**Exercise aim**
What you give back from the listing below should be an exact copy of the lines from the one with "Sofa Cover - Velvet" down to the one with "1955 Août Édition", and it should contain no pictures.

**Source data**

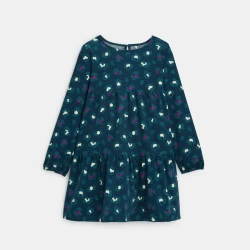 فستان من الثوب المخملي مزين برسومات، باللون الأزرق للفتيات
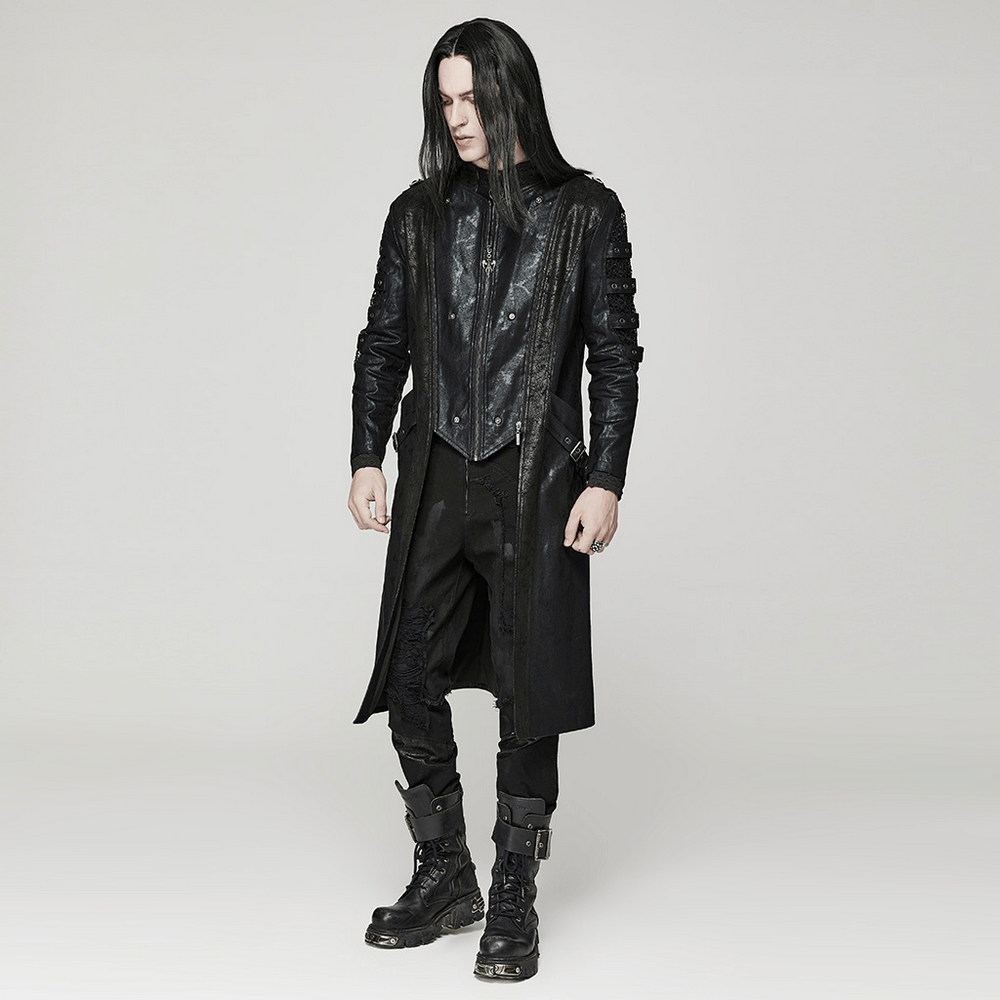 Gothic Hooded Coat with Detachable Cap and Mesh Sleeves - HARD'N'HEAVY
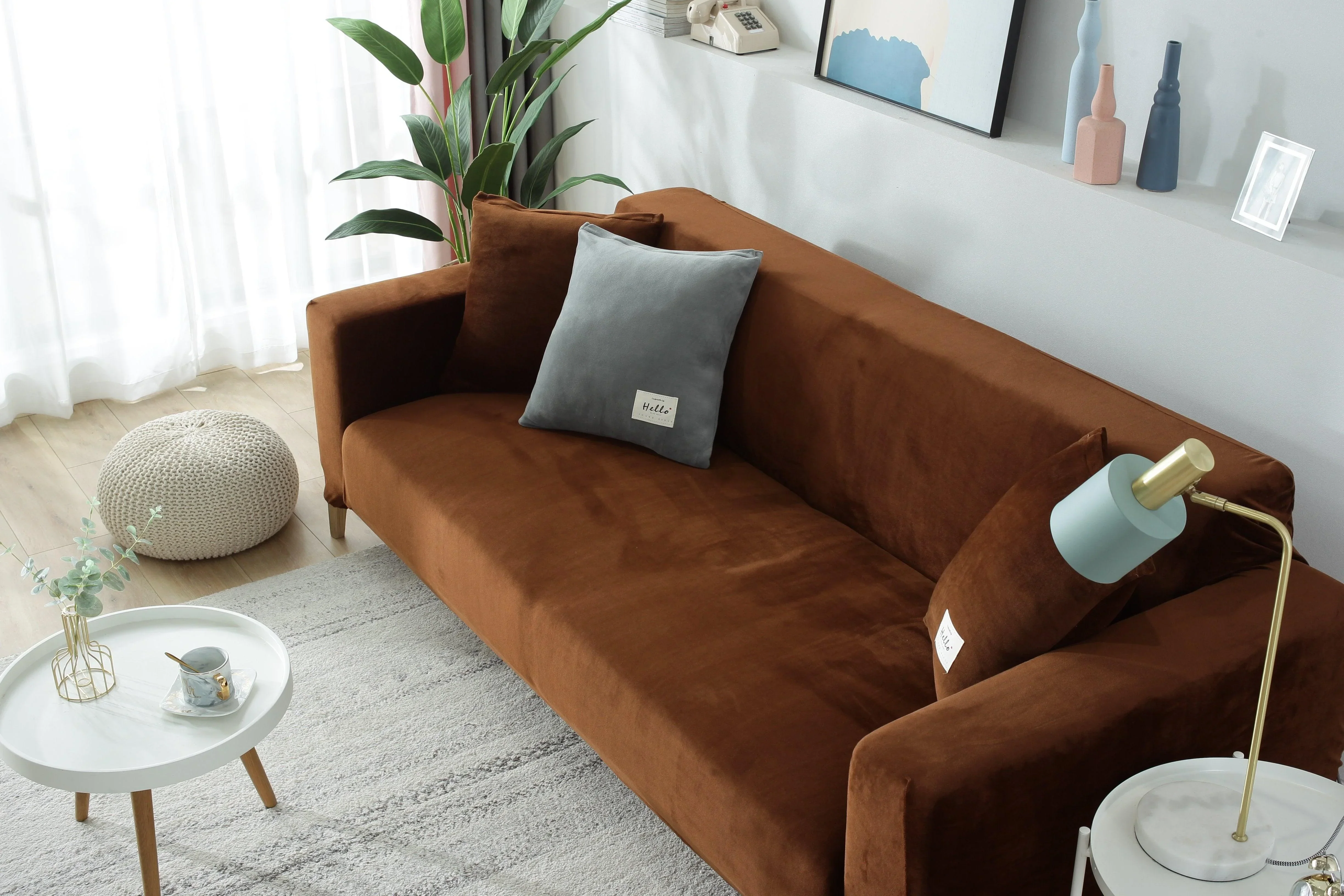 Sofa Cover - Velvet - Brown - Adaptable & Expandable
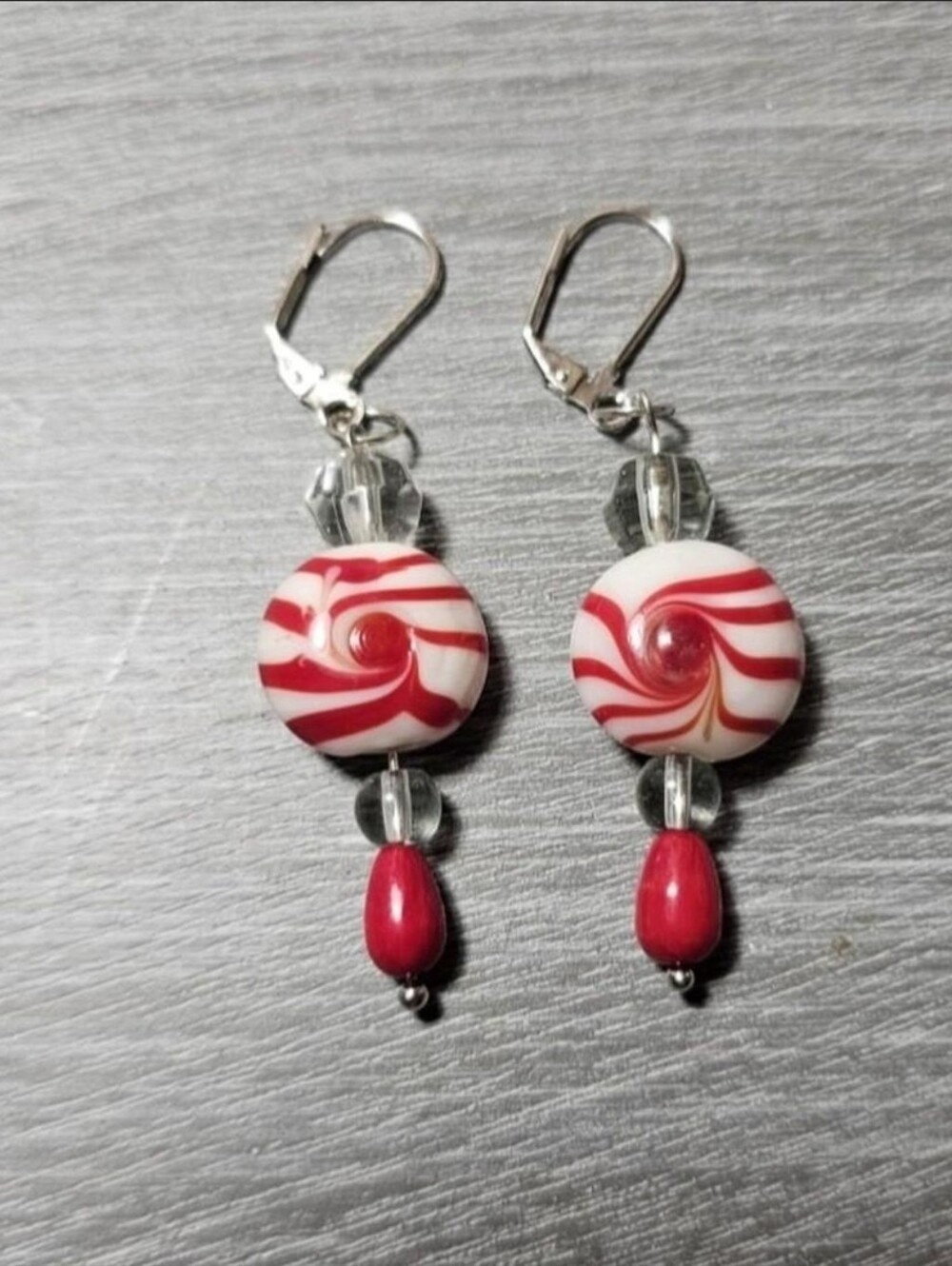 Handmade Glass Peppermint Earrings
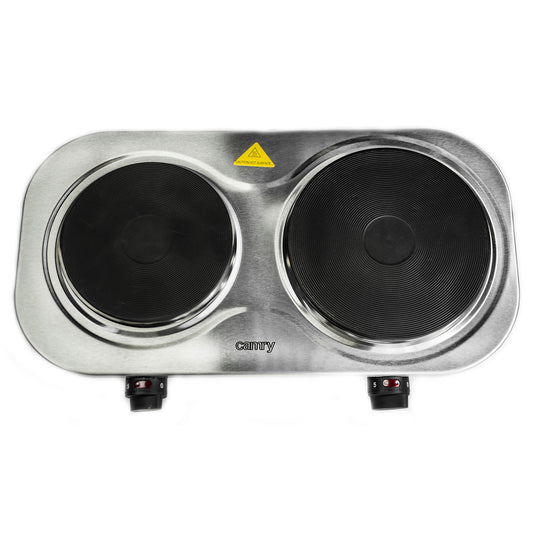 Hornillo Eléctrico Doble, Zona Cocinado 18,5 - 15.5 Cm, 2 Termostatos Regulación Continua Camry Cr6511 Plata_0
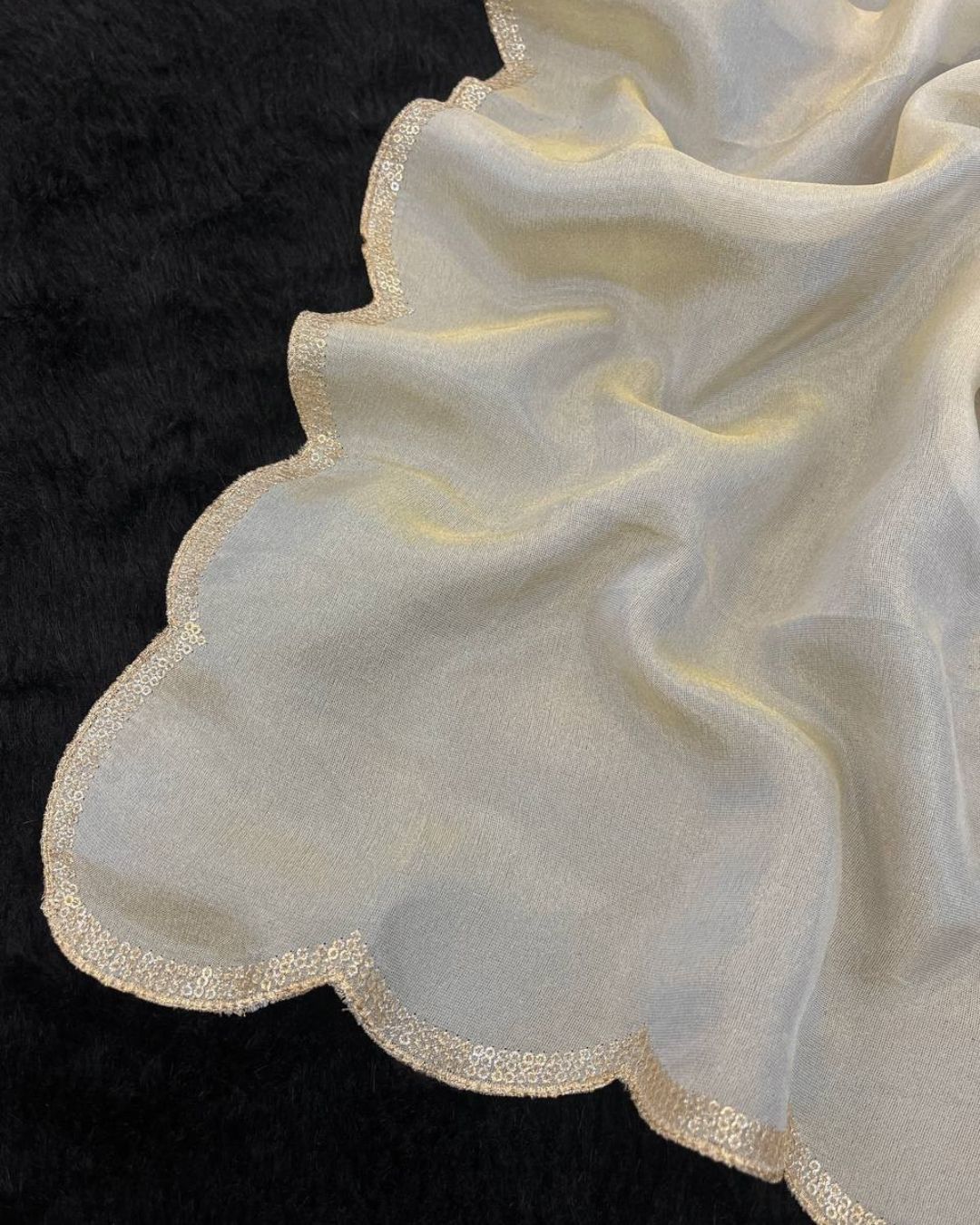 Dyeable Tissue Silk Embroidered Dupatta With Sequins & Zari Work - Dastan Suroor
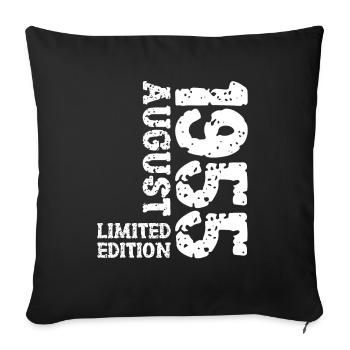 1955 Août Édition Limitée 68e Tenue d’anniversaire - Housse de coussin décorative 45 x 45 cm - noir - Devant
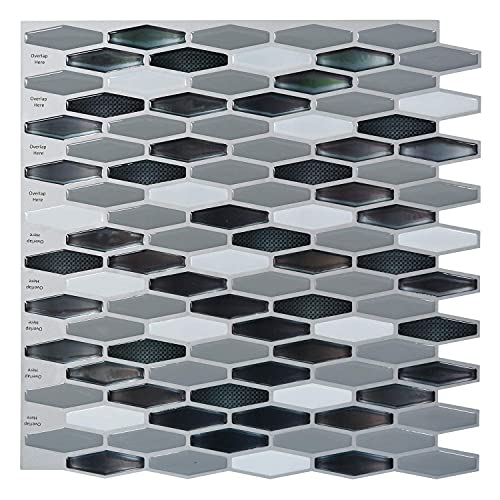 Art3d 12" x 12" x 0.06" (Pack of 6) Wall Panel Marble, Black/White - color: Black/White
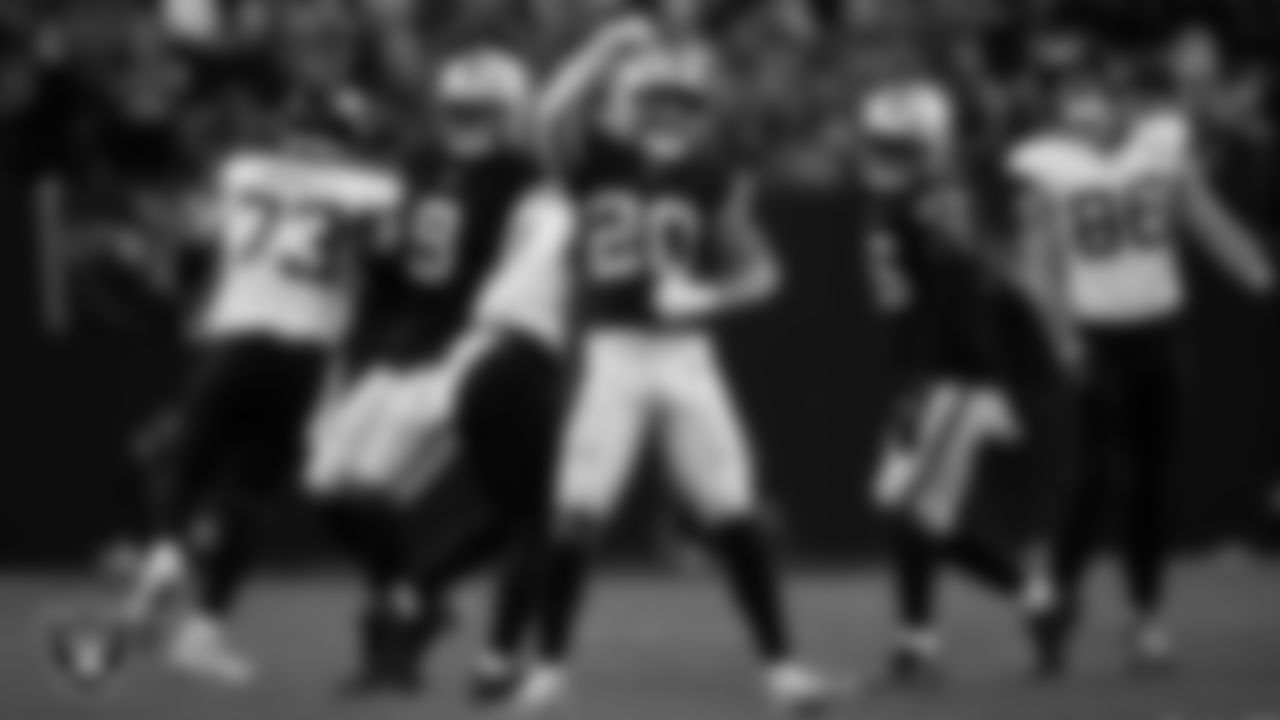 Las Vegas Raiders safety Isaiah Pola-Mao (20) celebrates after making a tackle during the regular season home game against the Jacksonville Jaguars at Allegiant Stadium.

**Output for this task**
 Sofa Cover - Velvet - Brown - Adaptable & Expandable
 Handmade Glass Peppermint Earrings
 Hornillo Eléctrico Doble, Zona Cocinado 18,5 - 15.5 Cm, 2 Termostatos Regulación Continua Camry Cr6511 Plata_0
 Dyeable Tissue Silk Embroidered Dupatta With Sequins & Zari Work - Dastan Suroor
 1955 Août Édition Limitée 68e Tenue d’anniversaire - Housse de coussin décorative 45 x 45 cm - noir - Devant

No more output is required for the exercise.